Required action:
Leave out the pictures and repeat exactly the lines from the one containing "Bengali Durga Pooja" through the final line of the listing below.

Supplied information:
....

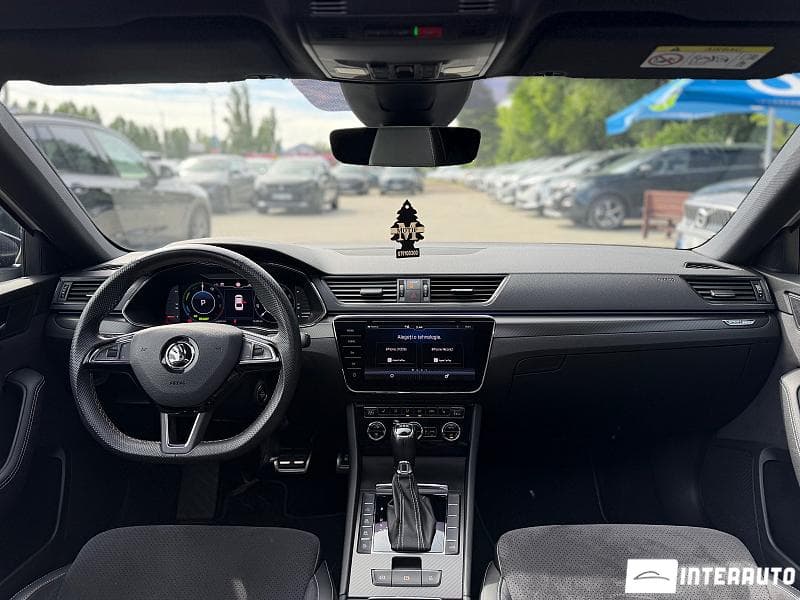 Skoda Superb 2020 — Миниатюра 19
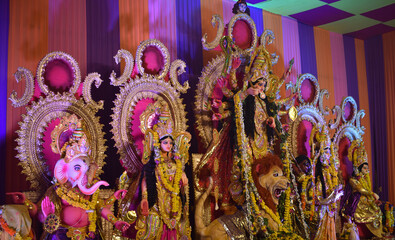 Bengali Durga Pooja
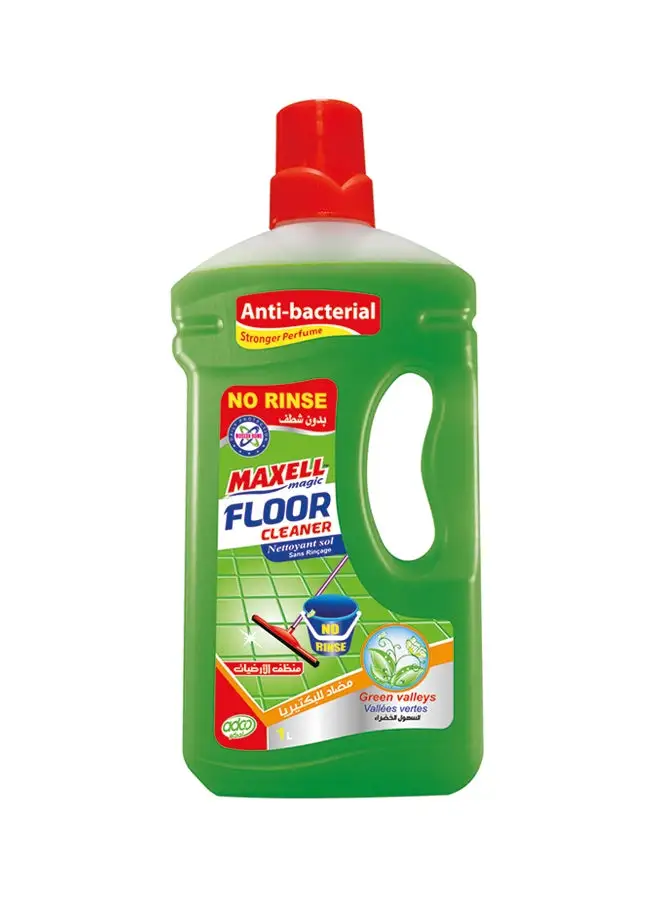 Maxell Floor Clean Green Valleys 1Liters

....

Answer:
 Bengali Durga Pooja
 Maxell Floor Clean Green Valleys 1Liters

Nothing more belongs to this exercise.